# Task prompt:
Within the records below, reproduce without change the lines from the line that has "立体スリーブで叶える、こなれシルエット。コクーンスリーブシンプルプルオーバーニッ… | Classical" through the line that has "Homelist LED-bakgrundsbelysning kök", and only those.

# Information given:
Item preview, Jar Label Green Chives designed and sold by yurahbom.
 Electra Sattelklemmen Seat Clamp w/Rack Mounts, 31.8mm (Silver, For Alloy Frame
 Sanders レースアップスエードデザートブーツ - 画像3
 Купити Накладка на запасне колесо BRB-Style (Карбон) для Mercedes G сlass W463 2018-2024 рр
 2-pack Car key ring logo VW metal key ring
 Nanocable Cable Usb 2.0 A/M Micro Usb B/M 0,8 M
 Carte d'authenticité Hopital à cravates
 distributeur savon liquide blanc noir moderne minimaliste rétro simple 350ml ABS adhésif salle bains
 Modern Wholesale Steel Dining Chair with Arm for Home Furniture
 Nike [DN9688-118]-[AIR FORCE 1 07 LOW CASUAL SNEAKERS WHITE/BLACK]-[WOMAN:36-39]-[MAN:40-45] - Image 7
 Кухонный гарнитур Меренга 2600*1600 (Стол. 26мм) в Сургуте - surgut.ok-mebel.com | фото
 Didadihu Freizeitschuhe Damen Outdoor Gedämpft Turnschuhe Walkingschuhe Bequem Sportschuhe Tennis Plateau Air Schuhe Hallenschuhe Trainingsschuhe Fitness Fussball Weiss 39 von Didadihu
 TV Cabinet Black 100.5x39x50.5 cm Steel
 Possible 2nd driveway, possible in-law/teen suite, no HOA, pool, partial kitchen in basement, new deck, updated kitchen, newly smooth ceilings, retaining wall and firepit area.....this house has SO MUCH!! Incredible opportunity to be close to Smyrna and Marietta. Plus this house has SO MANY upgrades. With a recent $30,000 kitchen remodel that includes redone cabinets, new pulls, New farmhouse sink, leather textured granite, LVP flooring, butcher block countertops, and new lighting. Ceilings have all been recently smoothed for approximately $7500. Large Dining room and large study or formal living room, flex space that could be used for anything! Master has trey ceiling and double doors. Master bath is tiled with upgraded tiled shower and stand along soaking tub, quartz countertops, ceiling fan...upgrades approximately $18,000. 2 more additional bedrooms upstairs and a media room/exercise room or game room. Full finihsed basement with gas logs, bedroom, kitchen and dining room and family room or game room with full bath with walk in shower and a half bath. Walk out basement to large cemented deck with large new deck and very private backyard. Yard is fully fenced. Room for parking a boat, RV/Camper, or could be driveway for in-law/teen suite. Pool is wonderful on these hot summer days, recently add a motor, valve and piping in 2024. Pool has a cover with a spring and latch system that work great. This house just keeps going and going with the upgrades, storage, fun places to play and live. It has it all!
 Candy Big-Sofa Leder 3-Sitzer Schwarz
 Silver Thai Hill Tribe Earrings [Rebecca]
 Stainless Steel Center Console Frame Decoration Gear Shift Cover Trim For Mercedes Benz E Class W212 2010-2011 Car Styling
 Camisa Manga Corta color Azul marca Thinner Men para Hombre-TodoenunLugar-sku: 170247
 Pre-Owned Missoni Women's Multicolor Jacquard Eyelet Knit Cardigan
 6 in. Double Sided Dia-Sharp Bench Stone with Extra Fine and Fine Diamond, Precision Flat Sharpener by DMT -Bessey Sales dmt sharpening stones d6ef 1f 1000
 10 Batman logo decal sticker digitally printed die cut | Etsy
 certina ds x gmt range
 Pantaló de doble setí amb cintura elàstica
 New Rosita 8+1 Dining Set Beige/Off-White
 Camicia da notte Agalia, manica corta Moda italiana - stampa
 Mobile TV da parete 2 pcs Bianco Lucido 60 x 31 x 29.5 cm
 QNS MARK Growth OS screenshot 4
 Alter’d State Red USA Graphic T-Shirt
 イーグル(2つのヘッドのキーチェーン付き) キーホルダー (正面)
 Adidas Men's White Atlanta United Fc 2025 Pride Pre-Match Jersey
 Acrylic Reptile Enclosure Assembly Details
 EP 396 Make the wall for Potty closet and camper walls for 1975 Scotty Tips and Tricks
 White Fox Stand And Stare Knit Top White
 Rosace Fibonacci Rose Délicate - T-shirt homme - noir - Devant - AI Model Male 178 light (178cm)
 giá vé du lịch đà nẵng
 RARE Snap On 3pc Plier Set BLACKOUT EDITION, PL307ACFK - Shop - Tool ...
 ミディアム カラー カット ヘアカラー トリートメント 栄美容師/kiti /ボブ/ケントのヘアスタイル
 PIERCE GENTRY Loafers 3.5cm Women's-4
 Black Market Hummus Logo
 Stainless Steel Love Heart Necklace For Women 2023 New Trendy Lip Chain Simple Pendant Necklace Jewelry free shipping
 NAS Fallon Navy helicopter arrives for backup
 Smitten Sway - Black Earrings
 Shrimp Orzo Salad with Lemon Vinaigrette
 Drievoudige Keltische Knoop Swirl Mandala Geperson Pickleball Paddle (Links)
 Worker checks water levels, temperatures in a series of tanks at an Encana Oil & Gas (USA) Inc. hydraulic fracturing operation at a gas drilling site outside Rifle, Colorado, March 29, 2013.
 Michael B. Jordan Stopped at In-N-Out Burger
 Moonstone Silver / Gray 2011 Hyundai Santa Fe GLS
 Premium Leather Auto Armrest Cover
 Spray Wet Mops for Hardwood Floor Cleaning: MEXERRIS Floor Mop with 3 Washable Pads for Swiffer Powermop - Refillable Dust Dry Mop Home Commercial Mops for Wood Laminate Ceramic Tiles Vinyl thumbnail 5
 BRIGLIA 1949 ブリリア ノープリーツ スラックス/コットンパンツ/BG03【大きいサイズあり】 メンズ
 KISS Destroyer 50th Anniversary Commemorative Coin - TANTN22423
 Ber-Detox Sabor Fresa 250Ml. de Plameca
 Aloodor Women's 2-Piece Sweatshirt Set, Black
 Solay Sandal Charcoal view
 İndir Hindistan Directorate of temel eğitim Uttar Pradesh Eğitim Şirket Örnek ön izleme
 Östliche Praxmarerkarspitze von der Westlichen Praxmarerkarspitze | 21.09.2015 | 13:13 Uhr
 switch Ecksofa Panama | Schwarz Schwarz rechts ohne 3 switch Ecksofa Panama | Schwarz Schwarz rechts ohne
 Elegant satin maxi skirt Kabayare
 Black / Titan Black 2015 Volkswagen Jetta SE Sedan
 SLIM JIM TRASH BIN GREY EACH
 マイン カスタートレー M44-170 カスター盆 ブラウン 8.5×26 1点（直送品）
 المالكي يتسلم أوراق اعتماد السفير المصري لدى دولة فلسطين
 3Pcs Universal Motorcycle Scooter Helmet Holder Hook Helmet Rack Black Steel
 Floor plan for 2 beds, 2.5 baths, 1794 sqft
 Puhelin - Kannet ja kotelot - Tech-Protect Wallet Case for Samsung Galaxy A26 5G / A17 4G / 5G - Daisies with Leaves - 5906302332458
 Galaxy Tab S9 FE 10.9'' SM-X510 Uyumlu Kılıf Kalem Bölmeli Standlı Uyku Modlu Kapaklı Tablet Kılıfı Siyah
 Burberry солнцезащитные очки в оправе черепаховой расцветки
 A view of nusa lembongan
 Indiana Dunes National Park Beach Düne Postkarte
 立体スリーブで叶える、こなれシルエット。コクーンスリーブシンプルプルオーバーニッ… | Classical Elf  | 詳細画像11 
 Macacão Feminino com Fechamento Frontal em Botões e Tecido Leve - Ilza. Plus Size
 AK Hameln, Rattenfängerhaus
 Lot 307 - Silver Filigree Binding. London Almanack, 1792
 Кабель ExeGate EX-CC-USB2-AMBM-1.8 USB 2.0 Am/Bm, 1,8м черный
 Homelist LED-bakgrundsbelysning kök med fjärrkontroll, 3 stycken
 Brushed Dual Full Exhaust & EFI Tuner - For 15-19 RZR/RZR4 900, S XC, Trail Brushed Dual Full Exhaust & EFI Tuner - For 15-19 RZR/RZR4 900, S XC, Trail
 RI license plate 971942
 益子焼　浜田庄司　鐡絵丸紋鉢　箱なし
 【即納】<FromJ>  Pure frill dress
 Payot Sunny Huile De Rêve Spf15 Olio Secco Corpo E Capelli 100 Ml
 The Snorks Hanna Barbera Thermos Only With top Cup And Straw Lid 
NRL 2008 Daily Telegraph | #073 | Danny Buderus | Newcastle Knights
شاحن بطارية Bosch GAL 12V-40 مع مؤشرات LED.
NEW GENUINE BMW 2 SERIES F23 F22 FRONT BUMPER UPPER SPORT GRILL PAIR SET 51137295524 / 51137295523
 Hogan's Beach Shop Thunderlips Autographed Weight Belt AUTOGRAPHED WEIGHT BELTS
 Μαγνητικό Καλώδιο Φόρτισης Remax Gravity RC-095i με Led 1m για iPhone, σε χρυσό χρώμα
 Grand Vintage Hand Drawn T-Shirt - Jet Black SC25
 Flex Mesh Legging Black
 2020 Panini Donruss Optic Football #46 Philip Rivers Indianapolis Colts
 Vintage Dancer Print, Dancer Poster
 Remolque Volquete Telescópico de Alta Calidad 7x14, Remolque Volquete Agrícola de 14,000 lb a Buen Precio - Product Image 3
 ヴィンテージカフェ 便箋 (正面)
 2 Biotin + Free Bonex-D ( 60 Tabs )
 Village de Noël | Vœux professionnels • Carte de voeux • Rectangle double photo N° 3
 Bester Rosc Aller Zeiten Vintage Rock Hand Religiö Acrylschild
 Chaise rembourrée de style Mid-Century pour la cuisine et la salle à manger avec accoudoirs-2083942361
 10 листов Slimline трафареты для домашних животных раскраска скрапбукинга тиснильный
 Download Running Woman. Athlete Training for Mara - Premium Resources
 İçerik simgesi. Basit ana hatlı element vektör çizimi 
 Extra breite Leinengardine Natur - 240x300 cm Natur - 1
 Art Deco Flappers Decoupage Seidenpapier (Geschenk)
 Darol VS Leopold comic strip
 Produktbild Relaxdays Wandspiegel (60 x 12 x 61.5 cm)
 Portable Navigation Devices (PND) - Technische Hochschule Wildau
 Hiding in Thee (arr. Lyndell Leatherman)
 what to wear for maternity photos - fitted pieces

# Answer:
 立体スリーブで叶える、こなれシルエット。コクーンスリーブシンプルプルオーバーニッ… | Classical Elf  | 詳細画像11 
 Macacão Feminino com Fechamento Frontal em Botões e Tecido Leve - Ilza. Plus Size
 AK Hameln, Rattenfängerhaus
 Lot 307 - Silver Filigree Binding. London Almanack, 1792
 Кабель ExeGate EX-CC-USB2-AMBM-1.8 USB 2.0 Am/Bm, 1,8м черный
 Homelist LED-bakgrundsbelysning kök med fjärrkontroll, 3 stycken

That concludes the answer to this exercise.